Problem
Wherever pictures appear in the listing below, leave them out, and copy exactly, and only, everything from the line with "Schwarz Gebraucht 2014" down to the line with "FORTALEZA-CE, BRASIL, 05-12-2024: Entrevista".

Supplied entries
========

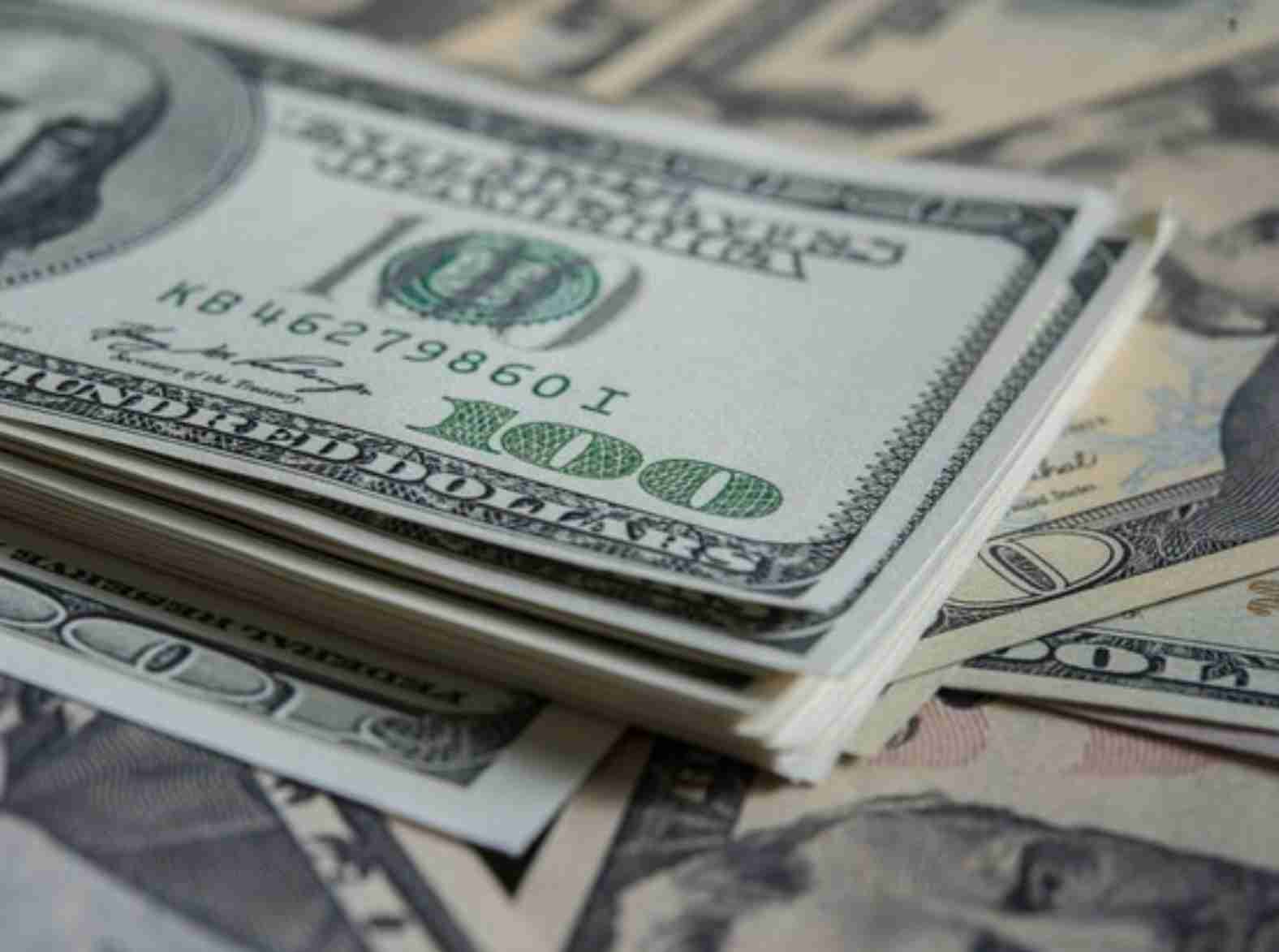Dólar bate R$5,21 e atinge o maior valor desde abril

========

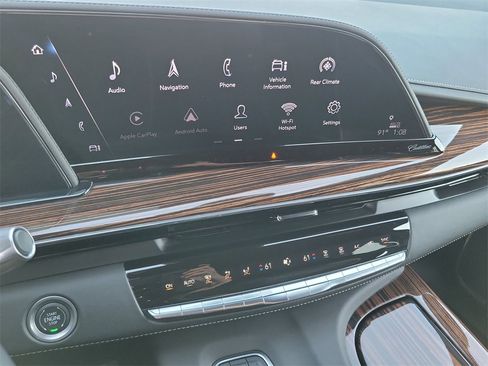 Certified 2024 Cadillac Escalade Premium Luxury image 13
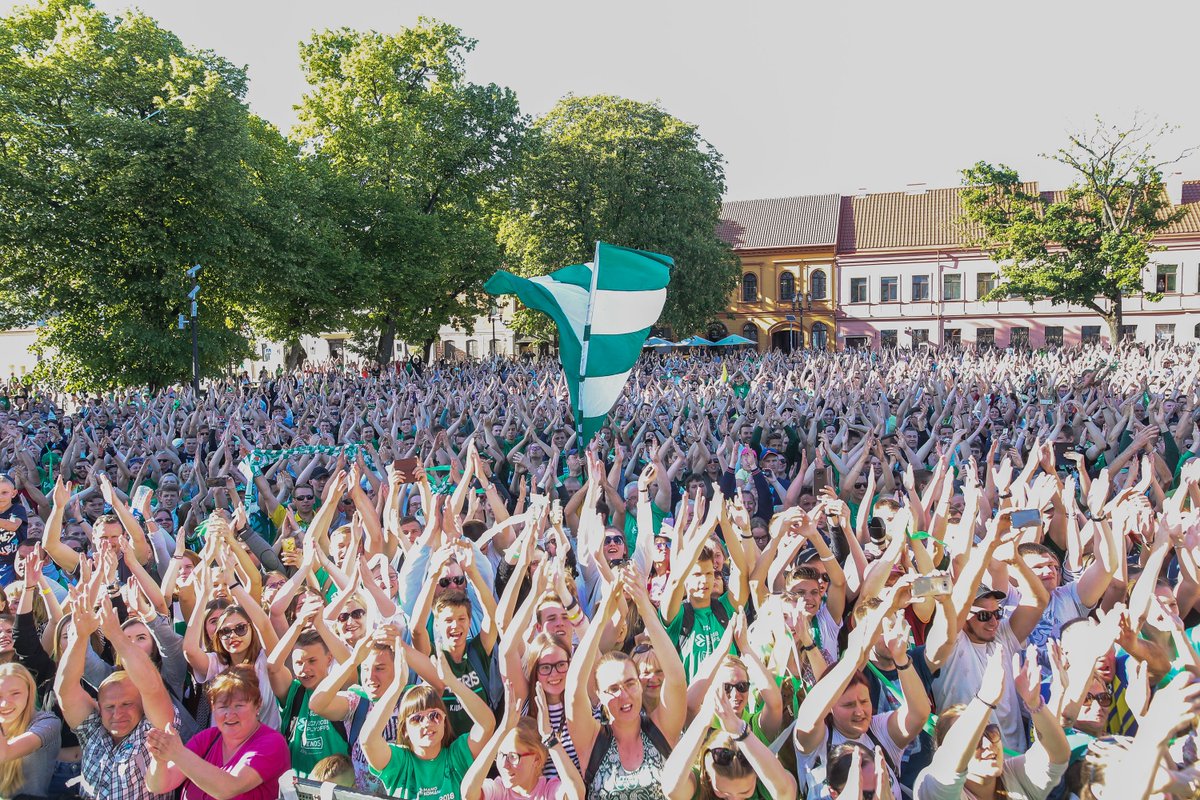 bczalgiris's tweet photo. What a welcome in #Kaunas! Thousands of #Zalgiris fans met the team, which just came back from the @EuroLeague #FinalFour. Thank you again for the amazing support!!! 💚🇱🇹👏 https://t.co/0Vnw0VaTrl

========

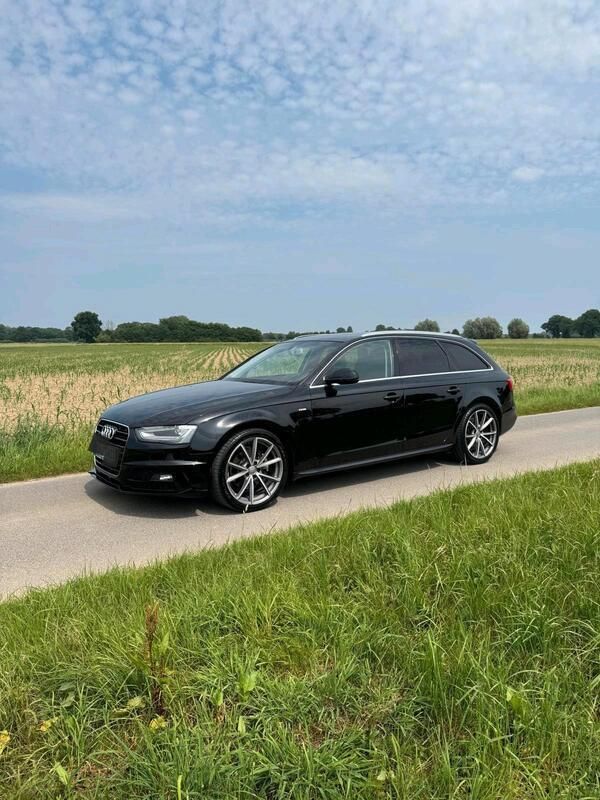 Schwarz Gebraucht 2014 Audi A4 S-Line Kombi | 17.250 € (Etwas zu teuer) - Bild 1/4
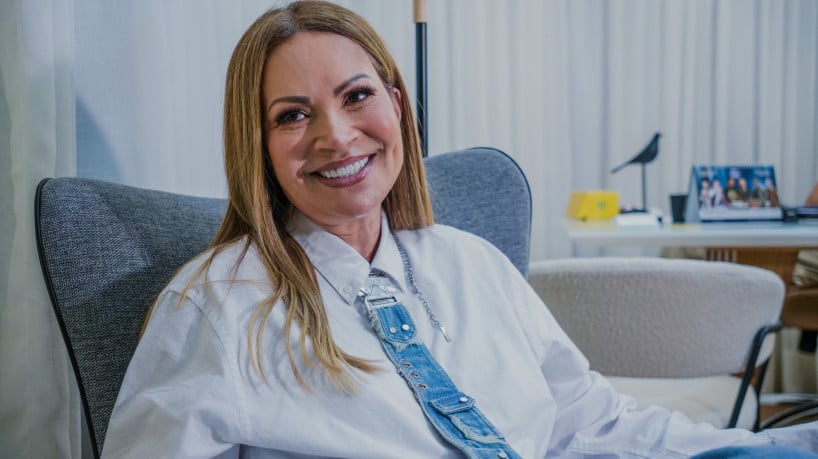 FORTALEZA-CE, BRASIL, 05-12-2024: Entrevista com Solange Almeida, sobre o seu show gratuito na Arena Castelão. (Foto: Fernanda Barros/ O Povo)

========

Exercise solution
 Schwarz Gebraucht 2014 Audi A4 S-Line Kombi | 17.250 € (Etwas zu teuer) - Bild 1/4
 FORTALEZA-CE, BRASIL, 05-12-2024: Entrevista com Solange Almeida, sobre o seu show gratuito na Arena Castelão. (Foto: Fernanda Barros/ O Povo)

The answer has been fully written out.